How to migrate your on-premise pyspark jobs into GCP, using Dataproc Workflow Templates with Production-Grade Best Practices Standards

Senhaji Rhazi hamza
12 min readApr 6, 2021

What you will learn/find on this article ?

  • Some context and history of how and why we are shifting to the cloud paradigm
  • A complete pattern example of how to migrate (or create from scratch) your pyspark jobs to GCP with DataProc workflow templates (you can use the same logic for spark and Hadoop migration, also some further references will be given)
  • A github repo that you can copy and adapt for your purposes of migration

Whom this article might be useful for ?

  • Anyone who wants to migrate his on-premise spark/hadoop infrastructure to GCP, or just want to implement his spark/hadoop workflows on GCP width Dataproc Workflow templates
  • Anyone curious

Introduction : a bit of history & context

From vertical to horizontal scaling

Ali Godsi founder of Databricks and Apache Spark explains in this episode’s podcast of invest like the best, how the Big Data paradigm shift has moved us our compute race from vertical scaling (you scale by improving the code performance’s execution and the hardware machine) to horizontal scaling (you scale by distributing your computation through multiple nodes).

The sparkle

One big initiator for this change was the Google’s paper introducing map reduce computational model, Hadoop is a first generation implementation of this paradigm, it came with its challenges and limitations, Spark’s RDD proposed model tackled some of these limitations.
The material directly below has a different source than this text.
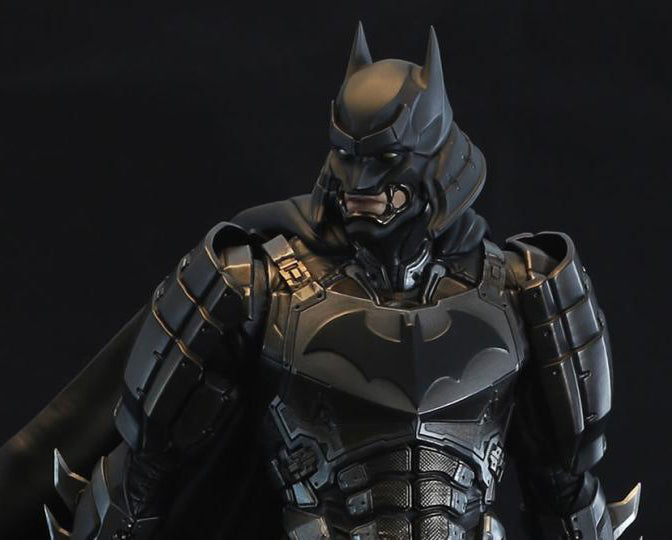 A close-up studio shot of a Batman armored figure or collectible bust against a dark black background. The character wears detailed dark gray and black futuristic bat armor with a cowl and cape visible at the sides.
As an overview, Spark handles better data in memory, support streaming and batch processing (where Hadoop supports only batch processing) and is up to 100x faster than Hadoop

Yes for big data, No for infrastructure cost maintenance

This Big Data shift paradigm has pushed many companies to implement their hadoop/spark cluster on premise, they did, but soon found themselves with a non-desired additional responsibility and cost of maintaining/monitoring and managing continuously these infrastructures, where sometimes their needs were punctual.

Then came another paradigm, the serverless cloud paradigm where you have at your disposal complete managed ephemeral robust monitored infrastructures, you pay only for what you consume, no extra cost of hiring the IT team to maintain the infrastructure….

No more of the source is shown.